> _Action item_
The following data is to be repeated exactly, its pictures excluded.

> _Provided material_
-- Opening Marker --

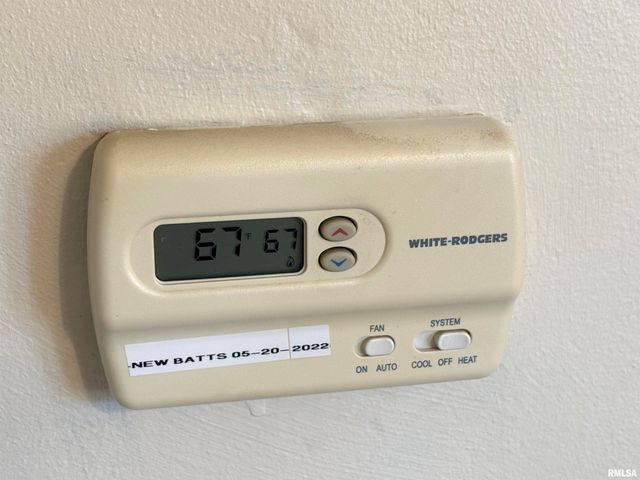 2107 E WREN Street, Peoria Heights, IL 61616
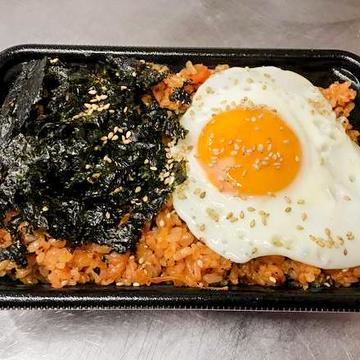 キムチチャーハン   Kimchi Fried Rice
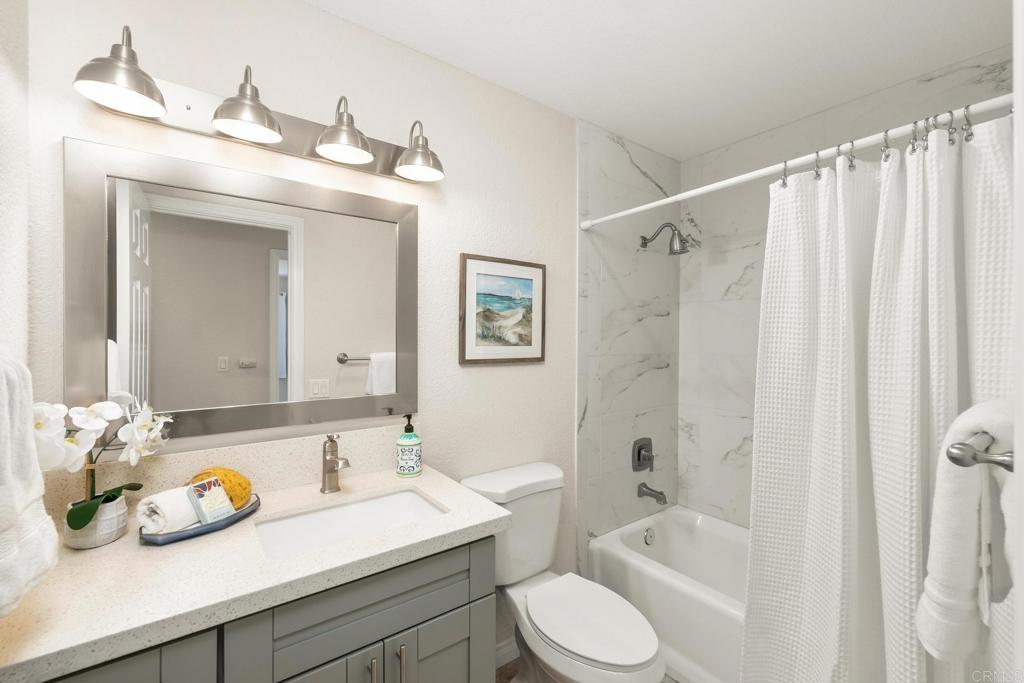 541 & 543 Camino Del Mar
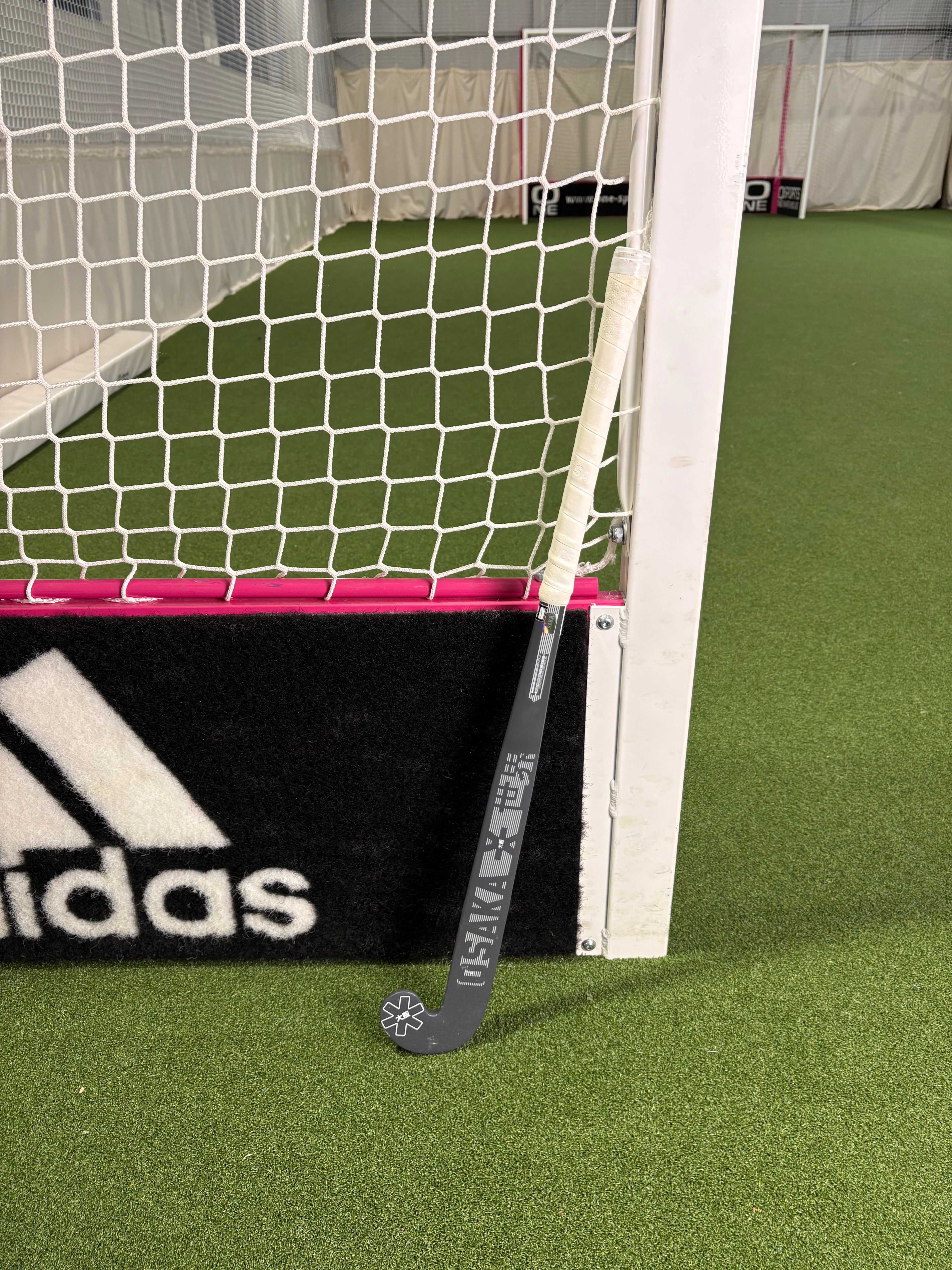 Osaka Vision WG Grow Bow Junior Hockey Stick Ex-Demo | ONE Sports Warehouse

-- Closing Marker --

> _Solution to this exercise_
 2107 E WREN Street, Peoria Heights, IL 61616
 キムチチャーハン   Kimchi Fried Rice
 541 & 543 Camino Del Mar
 Osaka Vision WG Grow Bow Junior Hockey Stick Ex-Demo | ONE Sports Warehouse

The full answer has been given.